> [ACTIVITY]
Starting with the line that contains "Rozszyfrowanie chińskiego przemysłu", repeat each line exactly through the final line of the listing. No picture should appear in the copy.

> [GIVEN DATA]
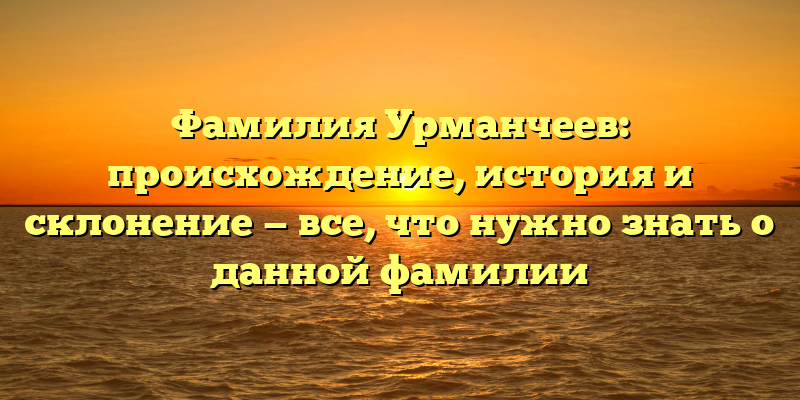 Фамилия Урманчеев: происхождение, история и склонение — все, что нужно знать о данной фамилии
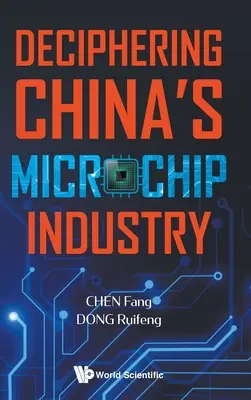 Rozszyfrowanie chińskiego przemysłu mikroprocesorowego - Deciphering China's Microchip Industry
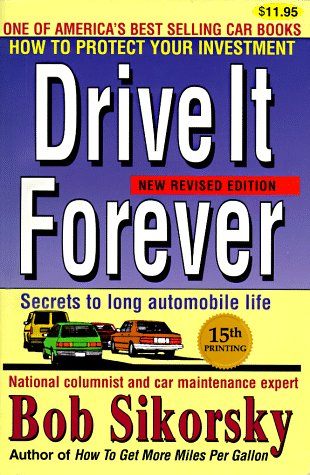 Drive It Forever: Secrets to Long Automobile Life,New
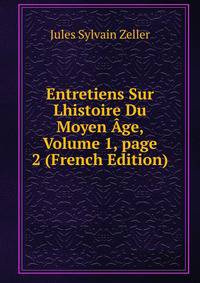 Entretiens Sur Lhistoire Du Moyen ?ge, Volume 1, page 2 (French Edition)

> [SOLUTION TO THE PROBLEM]
 Rozszyfrowanie chińskiego przemysłu mikroprocesorowego - Deciphering China's Microchip Industry
 Drive It Forever: Secrets to Long Automobile Life,New
 Entretiens Sur Lhistoire Du Moyen ?ge, Volume 1, page 2 (French Edition)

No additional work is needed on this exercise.